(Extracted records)

════════════════

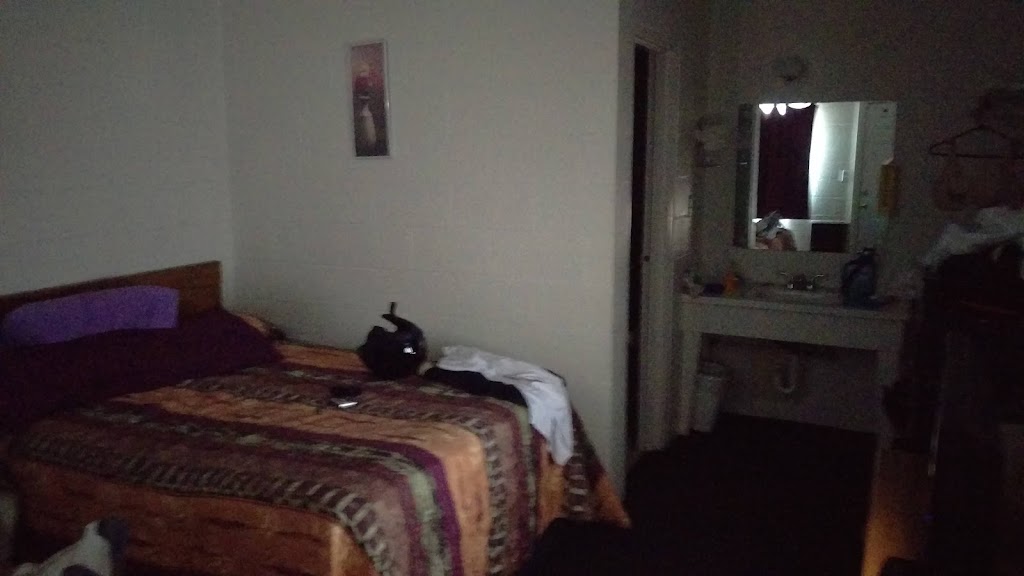 Golden Acres Motel | 901 W South St, Newkirk, OK 74647, USA | Phone: (580) 362-2545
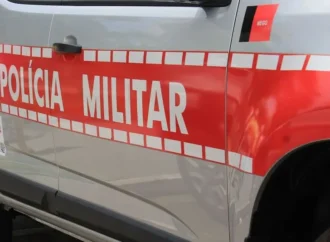 Jovem é assassinado a tiros na frente de casa, na Paraíba
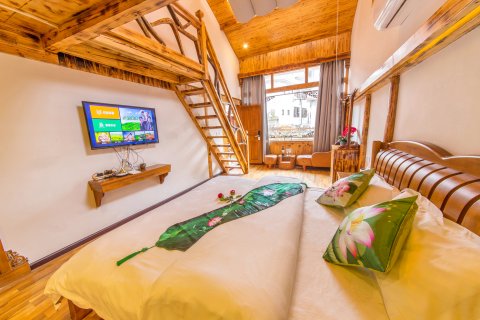 千屿觅云观景别院(丽江古城大水车店)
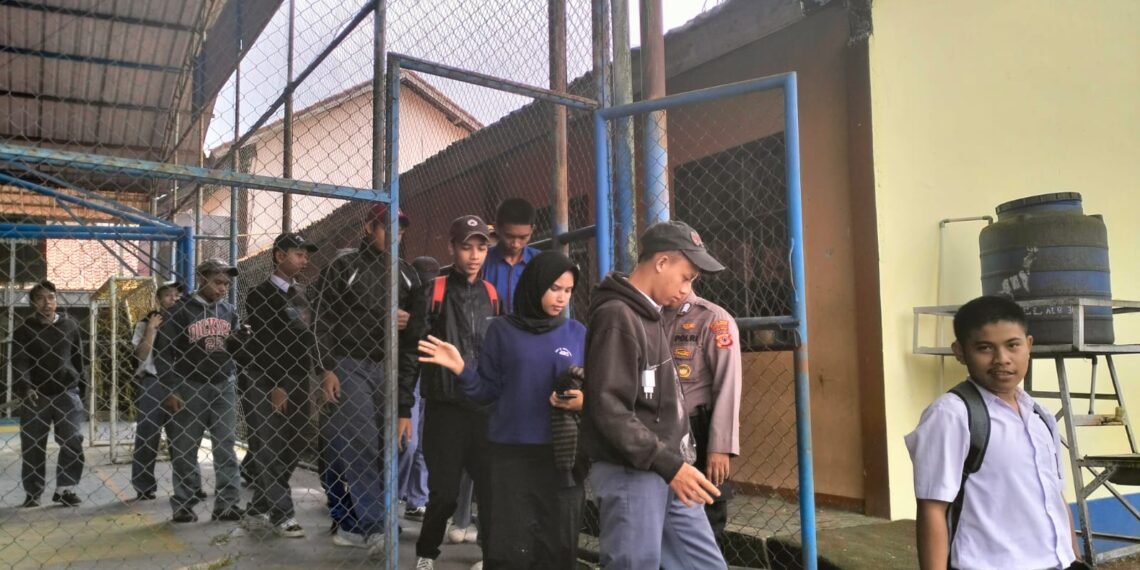 Patroli Siang, Unit Samapta  Polsek Cisaat  Antisipasi Tawuran Pelajar saat Bubaran Anak Sekolah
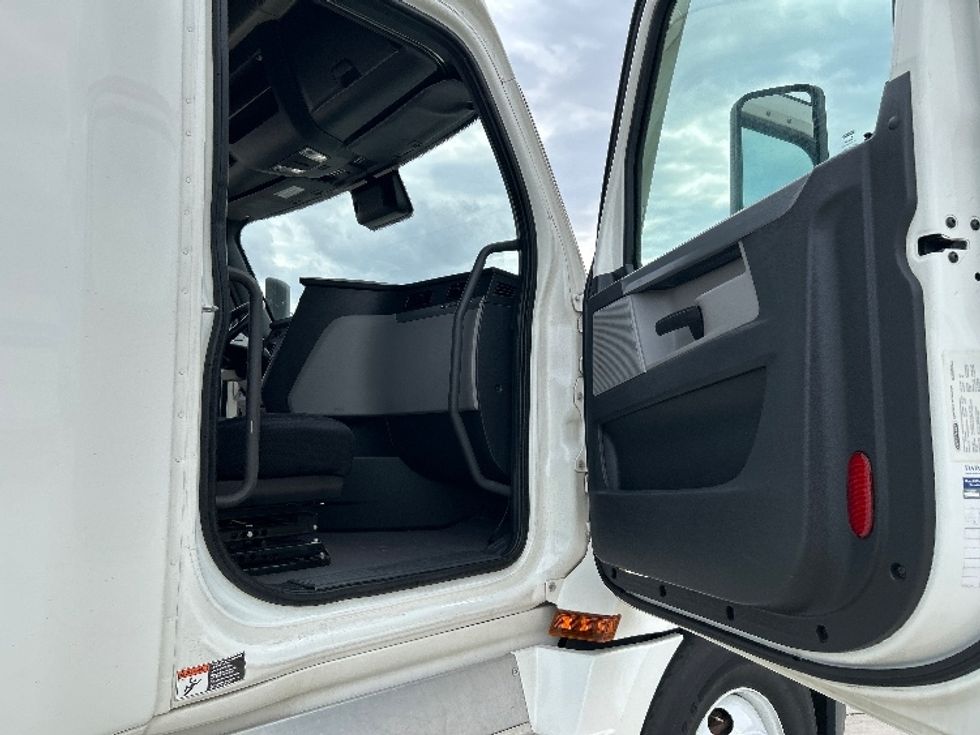 Sleeper Tractor-Heavy Duty Tractors-Freightliner-2022-T12664ST-Arlington-TX-447,514\n\t\tmiles-$ 77,750 - Image 13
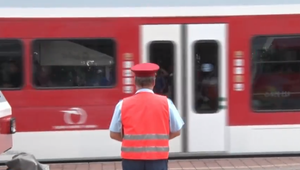 Cestujeme ako dobytok, vyhlasujú turisti v Tatrách. Električková doprava nezvláda nápor cestujúcich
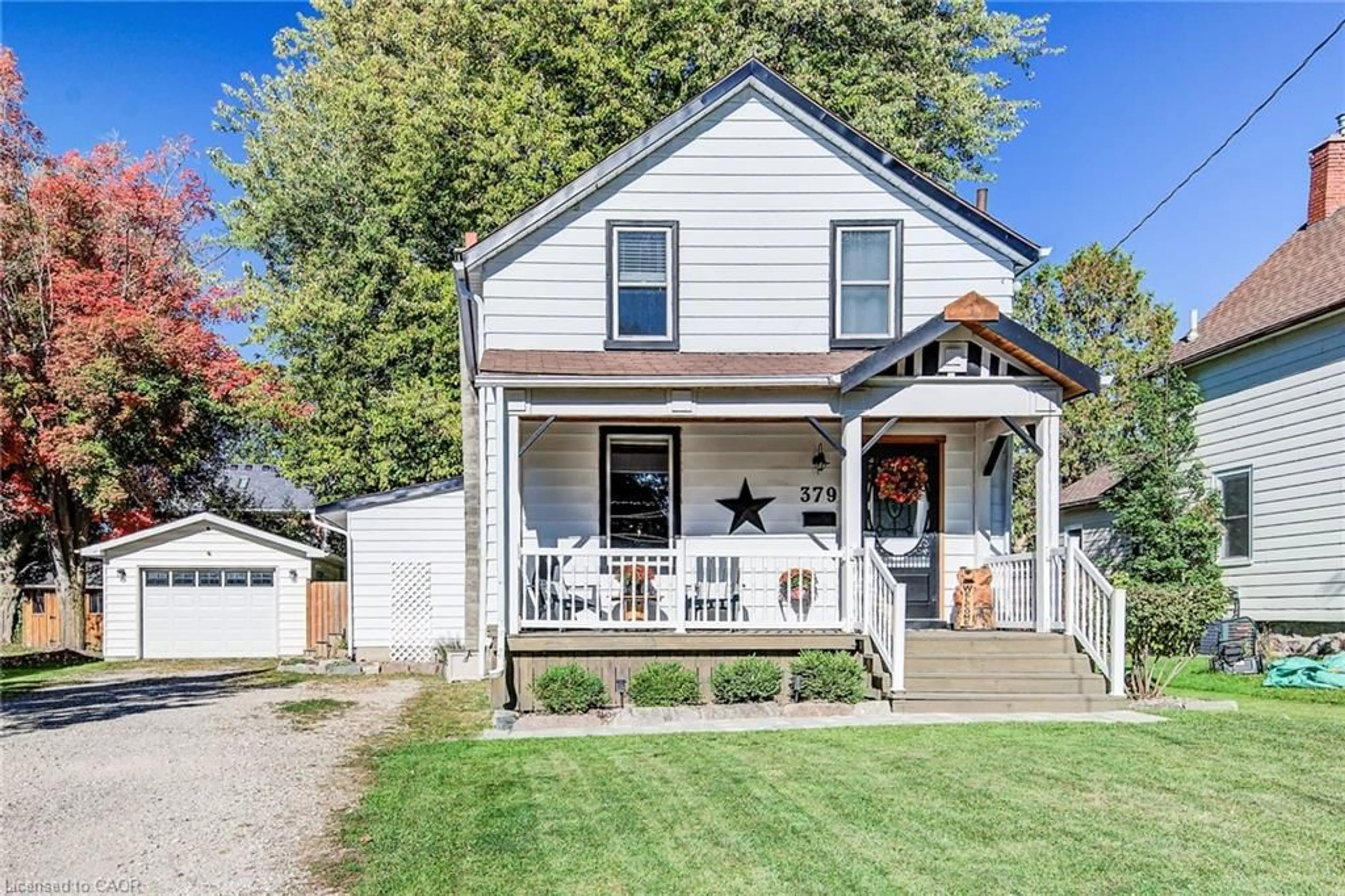 Home with vinyl exterior material, street for 379 Livingstone Ave, Listowel Ontario N4W 1R1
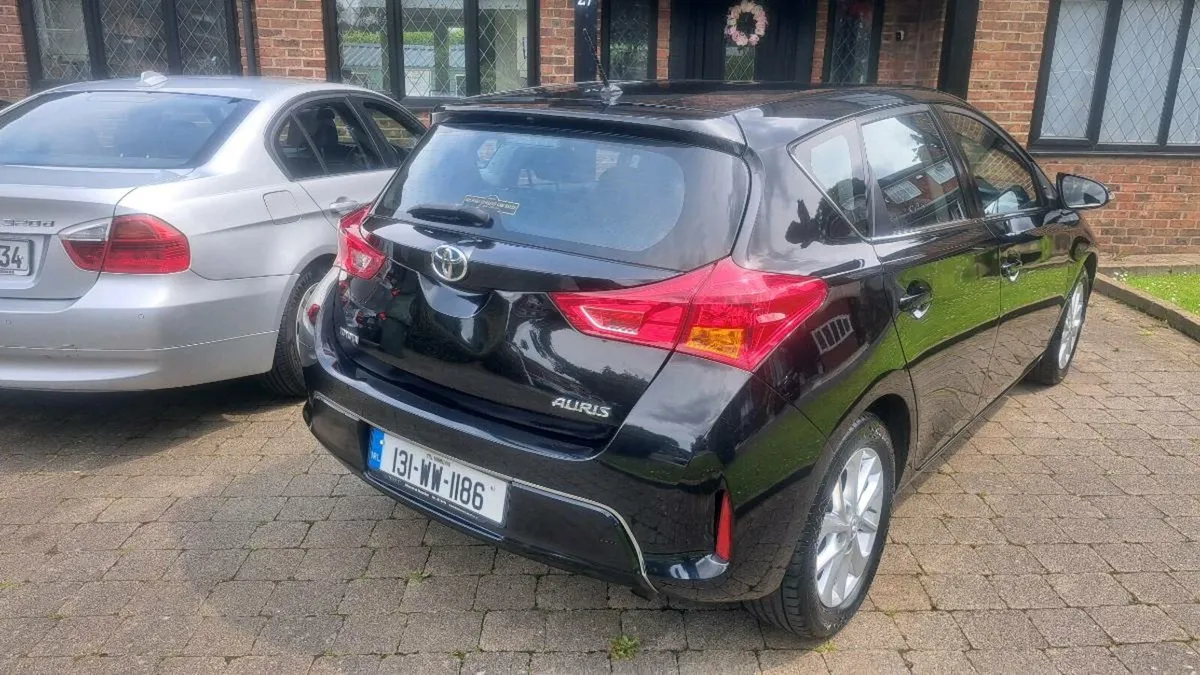 TOYOTA  AURIS 1.3 PETROL 2013 NEW MODEL - Image 1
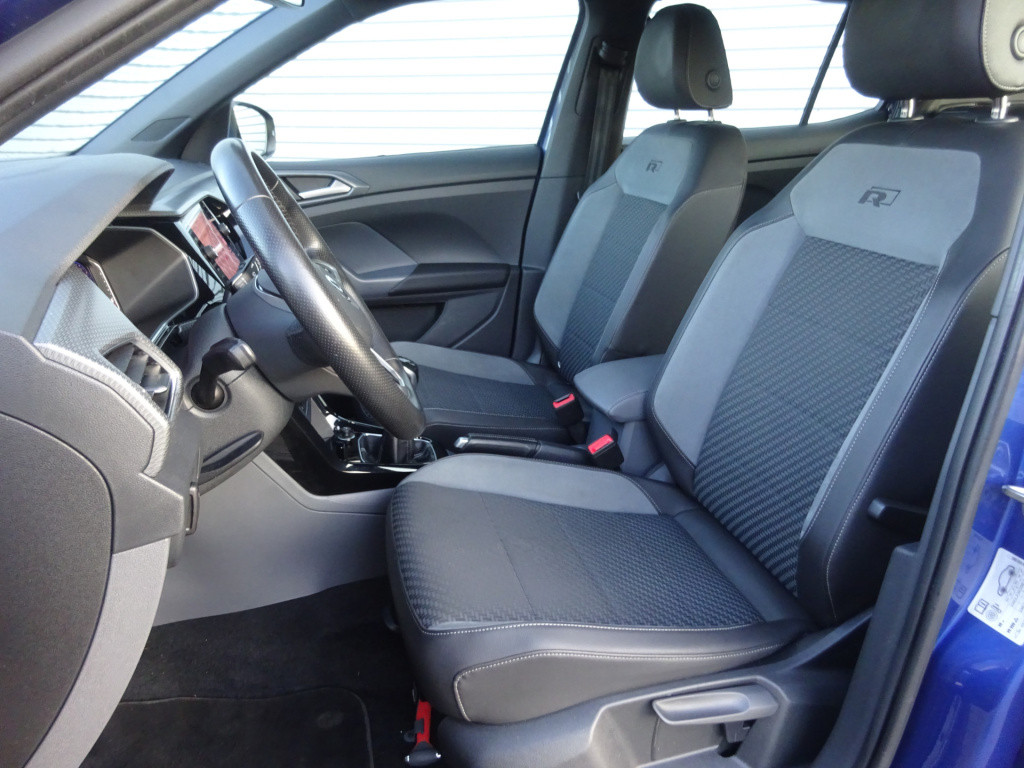 Volkswagen T-cross 1.0 tsi r-line virtual cockpit / camera / lm velgen / cl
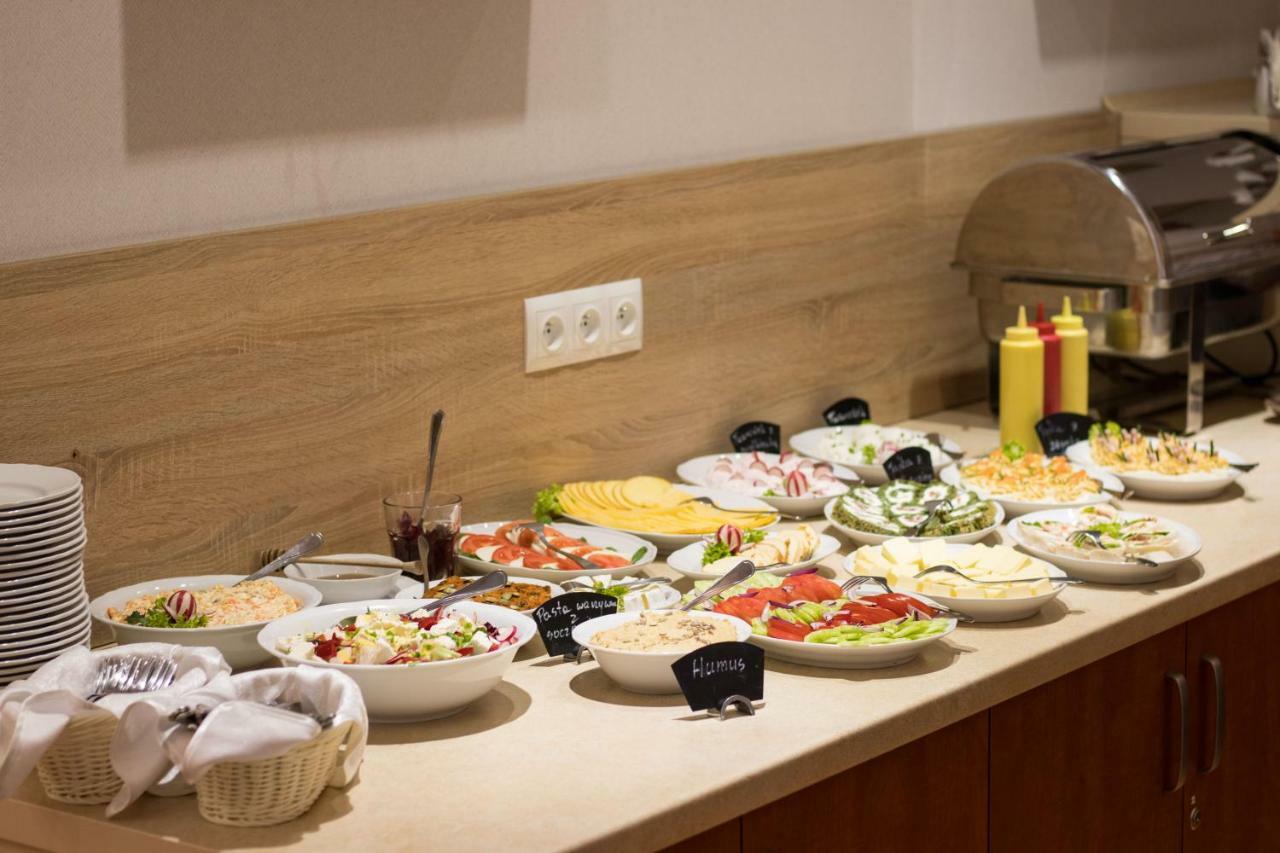 Osrodek Wypoczynkowy Iskra Hotel Piwniczna-Zdroj Buitenkant foto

════════════════

▶ **Exercise aim**:
Go to the line above that has "千屿觅云观景别院(丽江古城大水车店)" and copy exactly from there down to the line that has "MODEL - Image 1", both included. Leave the pictures out.

▶ **Solution to the problem**:
 千屿觅云观景别院(丽江古城大水车店)
 Patroli Siang, Unit Samapta  Polsek Cisaat  Antisipasi Tawuran Pelajar saat Bubaran Anak Sekolah
 Sleeper Tractor-Heavy Duty Tractors-Freightliner-2022-T12664ST-Arlington-TX-447,514\n\t\tmiles-$ 77,750 - Image 13
 Cestujeme ako dobytok, vyhlasujú turisti v Tatrách. Električková doprava nezvláda nápor cestujúcich
 Home with vinyl exterior material, street for 379 Livingstone Ave, Listowel Ontario N4W 1R1
 TOYOTA  AURIS 1.3 PETROL 2013 NEW MODEL - Image 1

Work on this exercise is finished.